▸ **Task directions**
In the listing below, print exactly the lines between the line holding "Klimt Cairnhill Floor Plan C3" and the line holding "5x Womens Fashion", inclusive, and no more.

━━━━━ Source material ━━━━━

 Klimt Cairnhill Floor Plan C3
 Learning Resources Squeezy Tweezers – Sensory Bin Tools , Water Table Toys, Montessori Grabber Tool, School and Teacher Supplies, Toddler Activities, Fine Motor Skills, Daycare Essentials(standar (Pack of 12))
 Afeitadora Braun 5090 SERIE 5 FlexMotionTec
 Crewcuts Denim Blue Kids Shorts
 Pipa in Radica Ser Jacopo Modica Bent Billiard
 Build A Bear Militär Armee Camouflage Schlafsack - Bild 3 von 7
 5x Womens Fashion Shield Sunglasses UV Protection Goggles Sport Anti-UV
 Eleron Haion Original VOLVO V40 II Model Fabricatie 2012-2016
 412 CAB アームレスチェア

━━━━━
━━━━━ Source material ━━━━━

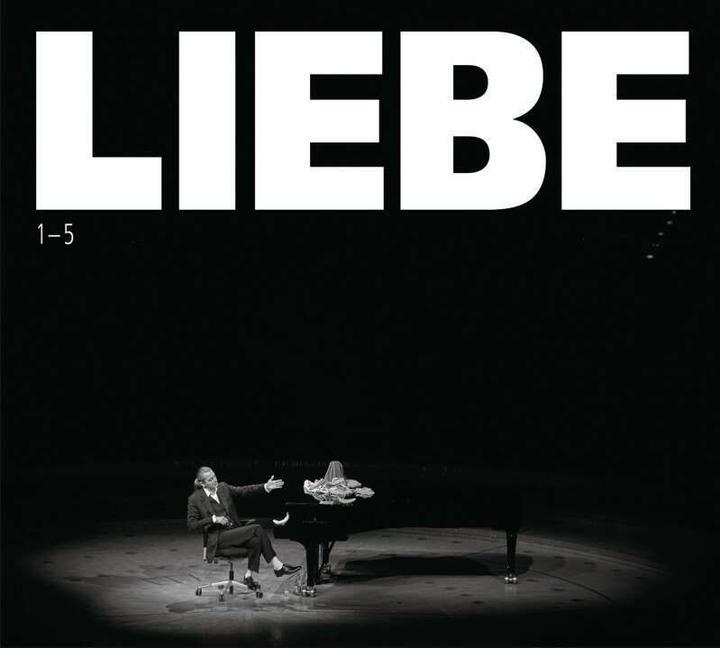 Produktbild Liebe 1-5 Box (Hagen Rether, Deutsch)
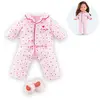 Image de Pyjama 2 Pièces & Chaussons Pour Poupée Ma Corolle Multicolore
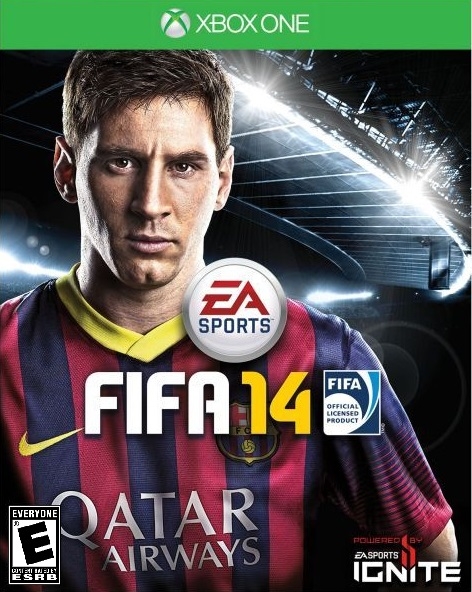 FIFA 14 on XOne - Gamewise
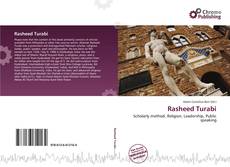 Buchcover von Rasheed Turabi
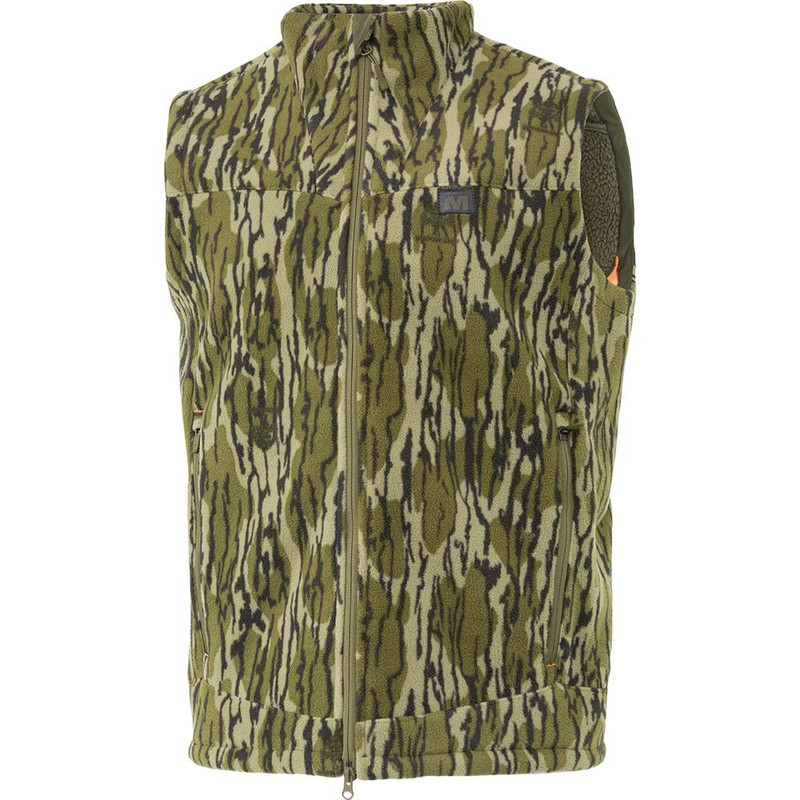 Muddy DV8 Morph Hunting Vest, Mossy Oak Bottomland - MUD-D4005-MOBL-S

━━━━━

▸ **Solution to this task**
 Klimt Cairnhill Floor Plan C3
 Learning Resources Squeezy Tweezers – Sensory Bin Tools , Water Table Toys, Montessori Grabber Tool, School and Teacher Supplies, Toddler Activities, Fine Motor Skills, Daycare Essentials(standar (Pack of 12))
 Afeitadora Braun 5090 SERIE 5 FlexMotionTec
 Crewcuts Denim Blue Kids Shorts
 Pipa in Radica Ser Jacopo Modica Bent Billiard
 Build A Bear Militär Armee Camouflage Schlafsack - Bild 3 von 7
 5x Womens Fashion Shield Sunglasses UV Protection Goggles Sport Anti-UV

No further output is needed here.